Modrikamen's association with Bannon is emblematic of the current alliance between the Israeli right-wing political establishment and fascist and neo-Nazi parties around the world. Modrikamen's Jewish father, Marcel, was arrested in Belgium at the age of 16 by the Gestapo for being a member of the Belgian Resistance to Nazi occupation. While many neo-Nazi parties support the right-wing government of Israel and the Jewish settlers in the West Bank, they launch anti-Semitic attacks against Jewish targets in their home countries. This paradox was satirized by a cartoon in the Belgian weekly, Le Vif. The cartoon shows Bannon, surrounded by flies, telling a puzzled Modrikamen, "First, we de-Jew Europe."

The "strange bedfellows" accommodation is reminiscent of the concordat established between Ze'ev Jabotinsky's and Naftali Lubenchik's "Revisionist Zionist" of the 1930s and 40s and Nazi Germany. The Lehi movement, also known as the Stern Gang, favored a Revisionist Zionist alliance with Adolf Hitler to drive the British out of the Palestine mandate territory. The Lehi Movement later morphed into the present-day Likud Party of Israeli Prime Minister Binyamin Netanyahu. In late 1940, the Lehi met with a Nazi diplomat in Beirut to discuss increased Jewish immigration from Europe to Palestine, in contravention of British caps on immigration to the mandate territory. The German diplomat, Werner Otto von Hentig, an admirer of Zionist leader Chaim Weizmann, managed to convince Hitler to remove all obstacles to increased Jewish migration from Europe to Palestine via Yugoslav and Greek ports. This was known as the Haavara (Transfer) Agreement. Von Hentig later became an adviser to the Saudi royal family.
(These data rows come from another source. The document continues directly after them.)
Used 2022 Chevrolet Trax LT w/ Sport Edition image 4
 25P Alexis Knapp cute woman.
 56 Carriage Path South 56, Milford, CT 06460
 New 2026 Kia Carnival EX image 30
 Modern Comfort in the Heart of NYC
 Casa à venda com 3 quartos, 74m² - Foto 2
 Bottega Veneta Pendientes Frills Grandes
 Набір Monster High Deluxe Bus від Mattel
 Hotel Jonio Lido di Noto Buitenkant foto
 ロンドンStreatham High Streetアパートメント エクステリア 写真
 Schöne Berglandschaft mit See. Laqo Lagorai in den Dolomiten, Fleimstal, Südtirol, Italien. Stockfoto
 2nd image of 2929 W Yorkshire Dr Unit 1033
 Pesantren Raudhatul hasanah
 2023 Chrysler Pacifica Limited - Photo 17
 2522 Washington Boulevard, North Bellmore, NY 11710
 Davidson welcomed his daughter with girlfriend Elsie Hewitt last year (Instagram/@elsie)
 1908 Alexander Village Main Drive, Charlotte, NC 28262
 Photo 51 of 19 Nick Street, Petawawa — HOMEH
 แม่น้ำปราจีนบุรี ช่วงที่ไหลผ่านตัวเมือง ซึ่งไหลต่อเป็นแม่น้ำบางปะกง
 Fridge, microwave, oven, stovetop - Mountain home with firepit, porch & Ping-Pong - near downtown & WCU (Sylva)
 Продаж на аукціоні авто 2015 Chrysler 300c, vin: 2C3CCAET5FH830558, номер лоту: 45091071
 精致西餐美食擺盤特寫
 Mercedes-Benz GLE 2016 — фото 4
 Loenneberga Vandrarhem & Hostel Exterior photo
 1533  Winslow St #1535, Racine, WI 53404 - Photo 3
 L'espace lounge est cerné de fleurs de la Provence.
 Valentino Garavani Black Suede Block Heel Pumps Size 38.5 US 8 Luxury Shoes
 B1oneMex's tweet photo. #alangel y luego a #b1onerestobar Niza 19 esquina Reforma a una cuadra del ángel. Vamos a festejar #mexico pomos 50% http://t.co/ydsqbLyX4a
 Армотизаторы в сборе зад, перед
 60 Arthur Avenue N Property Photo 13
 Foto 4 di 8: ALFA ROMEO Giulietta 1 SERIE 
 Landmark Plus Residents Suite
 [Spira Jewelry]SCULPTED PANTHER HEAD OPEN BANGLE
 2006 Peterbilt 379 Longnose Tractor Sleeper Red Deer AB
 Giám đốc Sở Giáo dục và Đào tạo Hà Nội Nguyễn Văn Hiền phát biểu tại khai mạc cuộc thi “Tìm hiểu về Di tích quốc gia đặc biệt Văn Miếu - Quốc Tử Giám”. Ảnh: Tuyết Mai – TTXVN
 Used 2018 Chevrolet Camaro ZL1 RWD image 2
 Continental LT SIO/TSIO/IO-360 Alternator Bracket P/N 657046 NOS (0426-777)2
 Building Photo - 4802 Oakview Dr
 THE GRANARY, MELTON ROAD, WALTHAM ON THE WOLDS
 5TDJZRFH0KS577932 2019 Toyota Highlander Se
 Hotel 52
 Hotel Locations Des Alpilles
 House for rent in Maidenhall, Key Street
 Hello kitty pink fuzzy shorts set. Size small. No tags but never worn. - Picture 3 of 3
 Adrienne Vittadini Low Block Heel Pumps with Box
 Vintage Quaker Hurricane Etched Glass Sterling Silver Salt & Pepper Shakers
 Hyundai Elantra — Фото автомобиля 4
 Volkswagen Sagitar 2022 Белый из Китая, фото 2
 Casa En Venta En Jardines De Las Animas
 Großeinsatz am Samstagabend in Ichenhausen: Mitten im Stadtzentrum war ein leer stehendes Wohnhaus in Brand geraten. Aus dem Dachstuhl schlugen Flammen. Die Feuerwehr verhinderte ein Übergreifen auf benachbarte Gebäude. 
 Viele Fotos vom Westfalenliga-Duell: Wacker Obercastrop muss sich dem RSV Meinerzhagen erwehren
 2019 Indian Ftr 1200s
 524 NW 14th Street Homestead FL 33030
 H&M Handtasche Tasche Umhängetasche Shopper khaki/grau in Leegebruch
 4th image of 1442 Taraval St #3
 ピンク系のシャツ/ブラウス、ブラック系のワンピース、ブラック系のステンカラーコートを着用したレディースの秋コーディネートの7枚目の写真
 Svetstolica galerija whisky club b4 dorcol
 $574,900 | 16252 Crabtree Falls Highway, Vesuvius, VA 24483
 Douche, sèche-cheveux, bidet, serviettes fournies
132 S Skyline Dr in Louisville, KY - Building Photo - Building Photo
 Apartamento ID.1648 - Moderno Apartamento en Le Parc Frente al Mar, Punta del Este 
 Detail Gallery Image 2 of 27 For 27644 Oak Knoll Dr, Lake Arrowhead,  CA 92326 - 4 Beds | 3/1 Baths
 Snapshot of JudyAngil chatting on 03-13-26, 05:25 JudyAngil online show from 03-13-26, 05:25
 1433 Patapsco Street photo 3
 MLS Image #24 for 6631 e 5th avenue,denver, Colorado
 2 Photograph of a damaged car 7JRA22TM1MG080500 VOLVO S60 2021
The primary goal of The Movement is to upend next year's elections for the European Parliament. Because national laws in nine European Union countries ban the infusion of foreign cash and in-kind donations of support to political campaigns, including the campaign advice that Bannon's Movement is offering, Bannon must carry out his work on the fringes of the laws. Although Bannon's organization is based in Brussels, he sees the UK, which will soon depart the EU, as the best base of operations from which to launch his "Fourth Reich" alliance of fascist parties on the European mainland. Bannon's political infrastructure in Britain centers around anti-European Union UK Independence Party founder Nigel Farage and Farage's one-time chief adviser, Raheem Kassam.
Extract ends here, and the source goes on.